### ACTIVITY
Restate word for word the lines below from the one that has "302 - An 18ct" through the one that has "My showstopping Mutton", keeping both and dropping all pictures.

### GIVEN INFORMATION
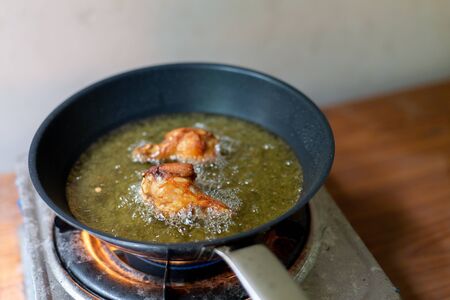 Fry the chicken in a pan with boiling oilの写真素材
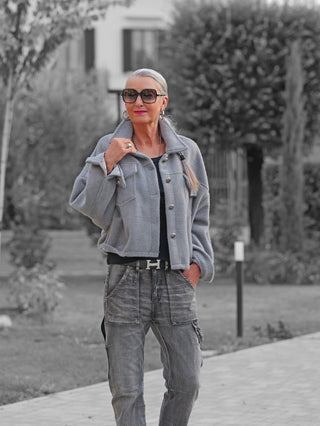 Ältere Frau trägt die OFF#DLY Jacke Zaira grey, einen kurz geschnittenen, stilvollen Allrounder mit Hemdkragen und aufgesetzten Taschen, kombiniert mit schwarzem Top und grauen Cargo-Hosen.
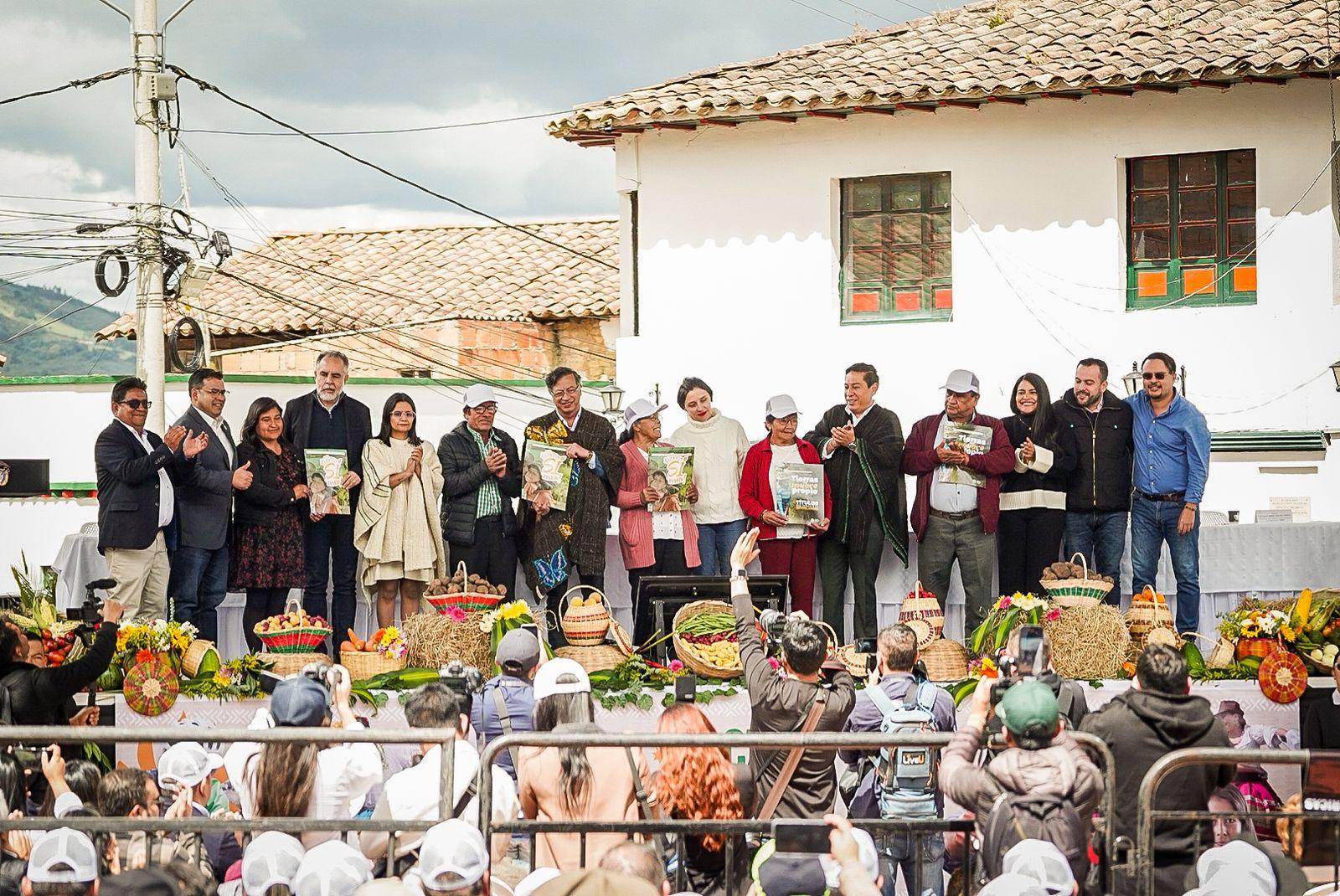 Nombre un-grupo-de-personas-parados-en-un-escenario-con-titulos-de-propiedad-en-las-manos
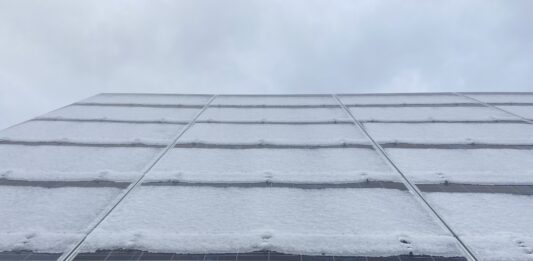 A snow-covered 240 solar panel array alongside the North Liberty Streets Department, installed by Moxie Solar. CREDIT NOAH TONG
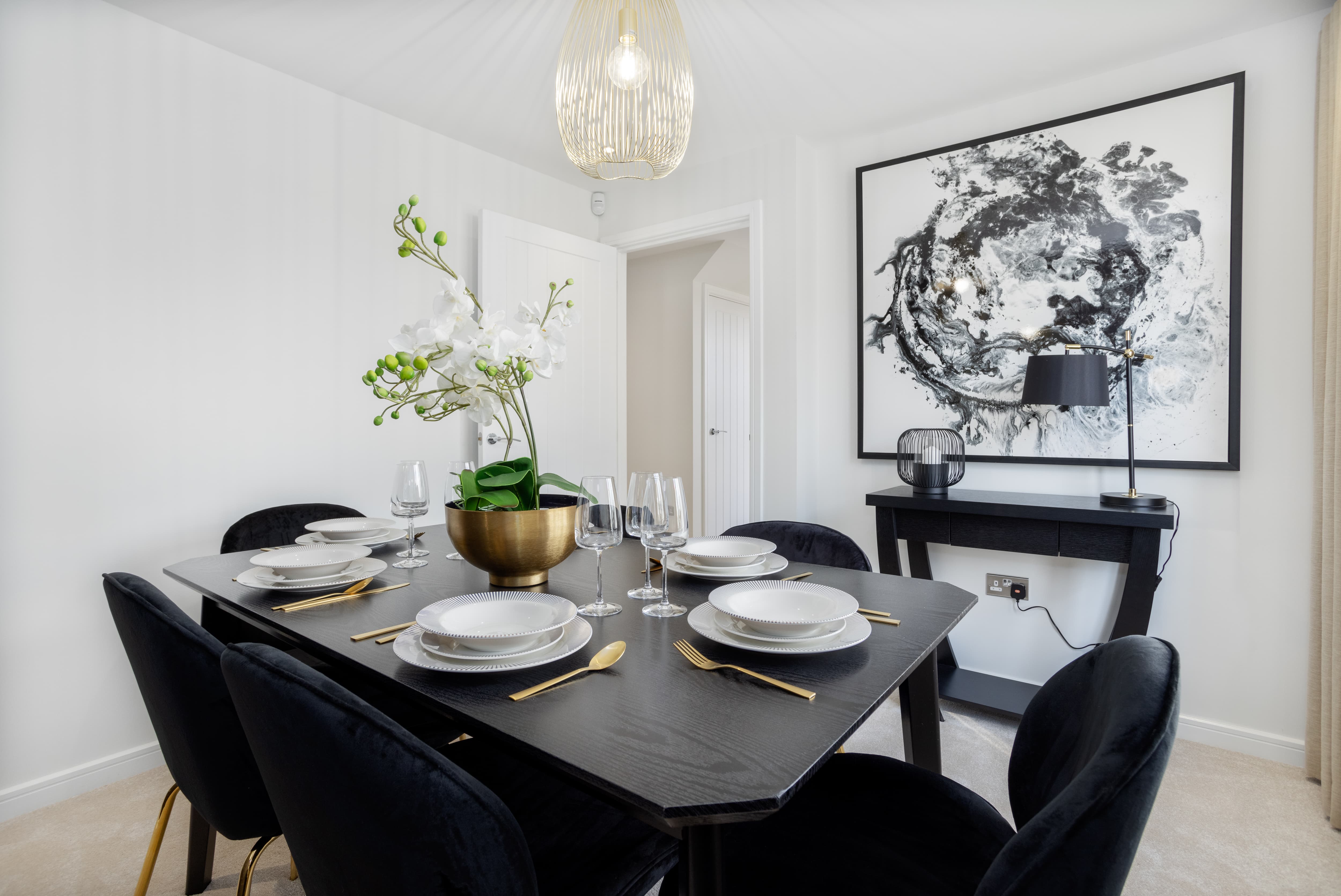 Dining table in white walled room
* * *
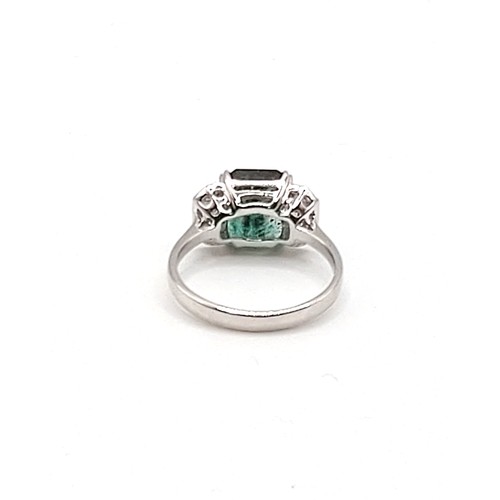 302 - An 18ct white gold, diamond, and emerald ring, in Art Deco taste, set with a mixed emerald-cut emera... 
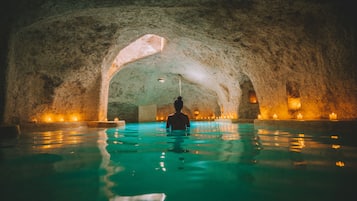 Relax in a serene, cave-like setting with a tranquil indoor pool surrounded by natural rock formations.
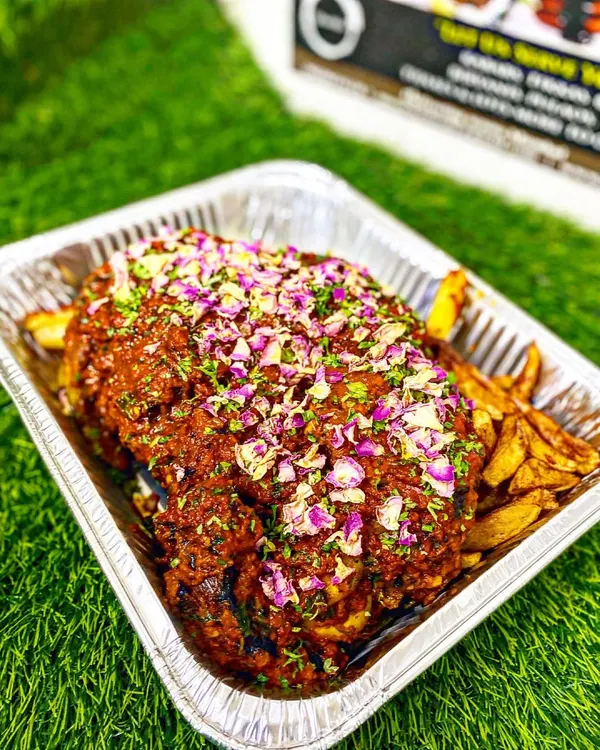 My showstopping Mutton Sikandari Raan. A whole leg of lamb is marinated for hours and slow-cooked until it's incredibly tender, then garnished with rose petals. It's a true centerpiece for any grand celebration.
* * *
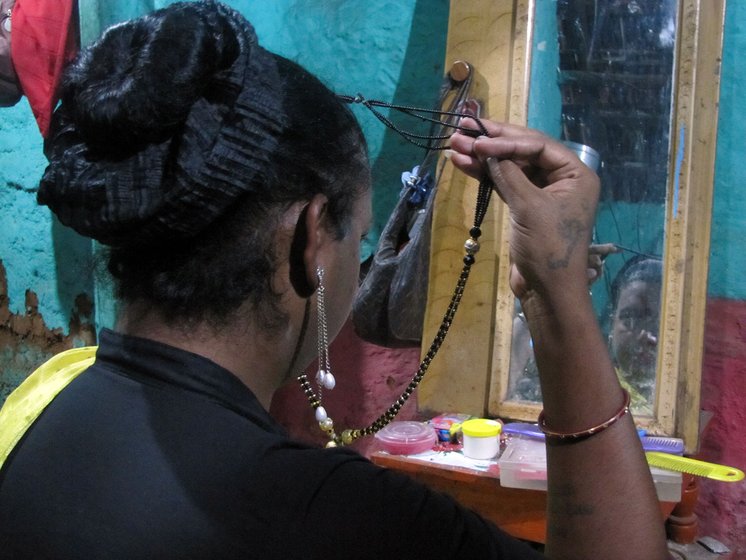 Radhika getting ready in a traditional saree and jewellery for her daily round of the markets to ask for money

### EXPECTED ANSWER
 302 - An 18ct white gold, diamond, and emerald ring, in Art Deco taste, set with a mixed emerald-cut emera... 
 Relax in a serene, cave-like setting with a tranquil indoor pool surrounded by natural rock formations.
 My showstopping Mutton Sikandari Raan. A whole leg of lamb is marinated for hours and slow-cooked until it's incredibly tender, then garnished with rose petals. It's a true centerpiece for any grand celebration.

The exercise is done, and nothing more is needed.